AFTER READING yet-another e-mail from a friend who bemoans my lack of blogging, I get no respect when I explain I'm microblogging. The lack of respect comes from people who are not impressed with the rise of Twitter, Pownce, Jaiku and the fenced meadows of MySpace and Facebook. Many of my friends grew up before dial-up. Some grew up as teens without colour television. At least a dozen of my regular readers played video games powered by their cassette players. These readers feel a little put off by the banality rampant on Twitter but they often make time to flick through the short takes offered up by a more literate--and private--Jaiku community. It's time to share a secret.

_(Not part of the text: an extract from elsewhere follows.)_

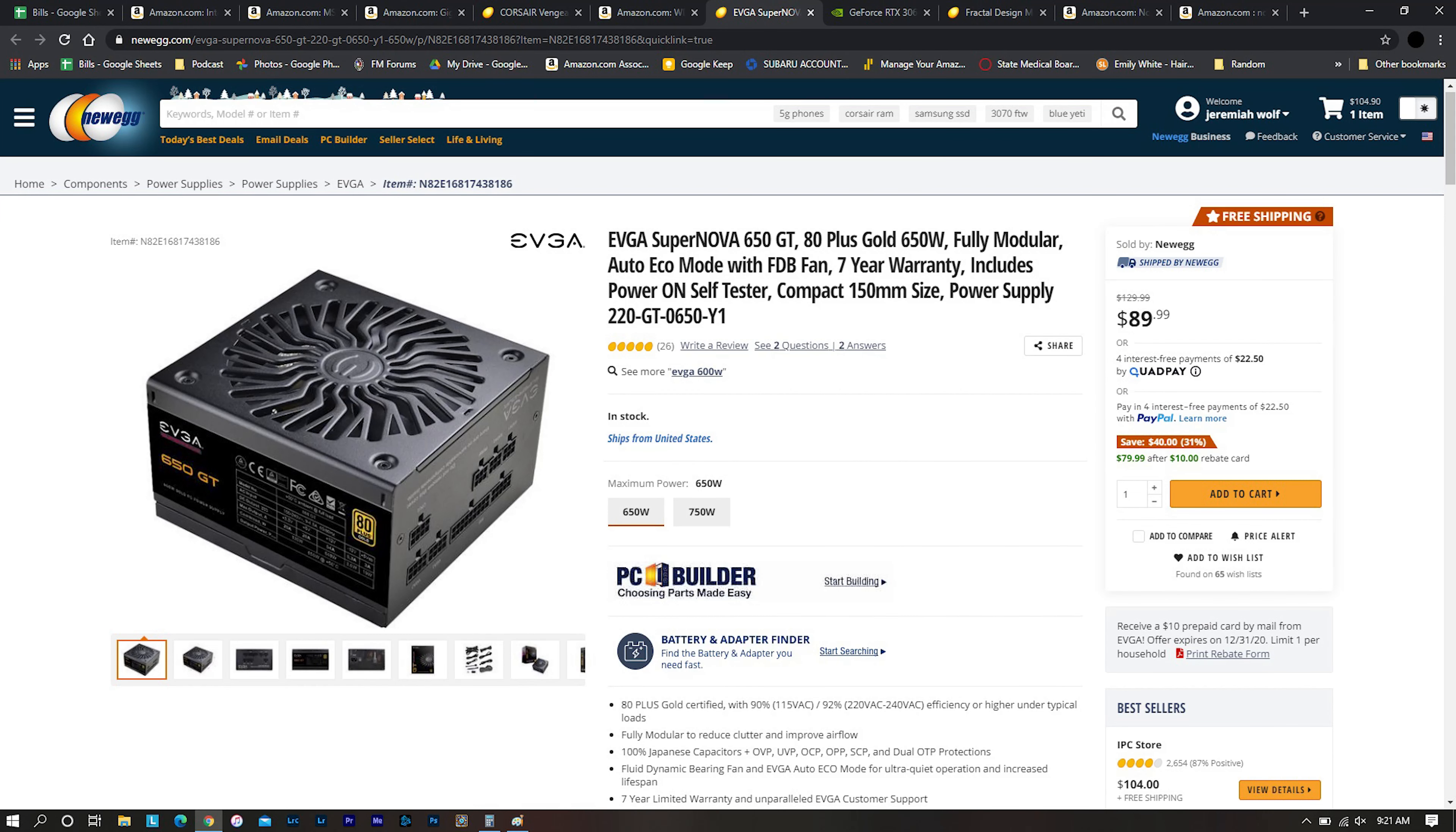So the next is going to be a power supply. I really wanted to get a Seasonic power supply and I spent a little bit more on the power supply than I typically do. I went with the EVGA Supernova. This is a 650 watt fully modular gold power supply. I don't recommend getting anything below gold because a power supply is something you buy and keep for 10 years and this is currently $90 on Newegg.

As Conor O'Neill evangelises, micro-anything, properly formatted, produces nubs of information easily actionable. And so it is with Jaiku on your phone. Anyone who tries Jaiku on their mobile phone and then continues doing it, often values the message flow because of Jaiku's very robust closed messaging system and the relative ease of sharing tick-off items with nicely calibrated groups. We are doing this now while planning the day-long Podcamp Ireland, set for Saturday 29 September 2007 in the Kilkenny Ormonde Hotel.
Jaiku gives us a live minuting capability. Organisers connect via Skype and reflect with single sentences on Jaiku, often commenting to previous text messages, since Jaiku allows nested conversations--comments to text messages.
This kind of collaboration disrupts the standard flow of top-down meeting moderation. Attendees basically write the minutes of the meeting via text messages as the meeting unfolds. The secretary simply culls the text comments for a record of the meeting. But there's more.
Jaiku, along with VoiceSage and Magnetic Time (MT's front page talks to you so consider your listeners), produces a spoken record of the event that can be called those who missed the original meeting. This is the technology we're testing and it works. A third level student at Tipperary Institute will demonstrate its capabilities at Podcamp Ireland.
One of the spin-offs of this technology is a subscription system that feeds information directly to mobile phones. If you want this blog in three-minute audio chunks, you set the time you want to receive the call and VoiceSage rings you with an update via a streaming service. If you would rather get the content read to your phone as a download, you indicate that preference and the audio drops onto your phone at an off-peak (no cost) time.
In other corners of the internet, people are toying with Twittergrams or spoken rants about disappointing comercial services. I'm looking at ways to connect collaborators with tools they carry in their pockets and hope that when Mr. Jobs visits europe with his iPhone, he will show its MMS capabilities, both downstream and upstream. It would be a shame to launch a new product in Europe that's a generation behind the refinements already used by connected businesses.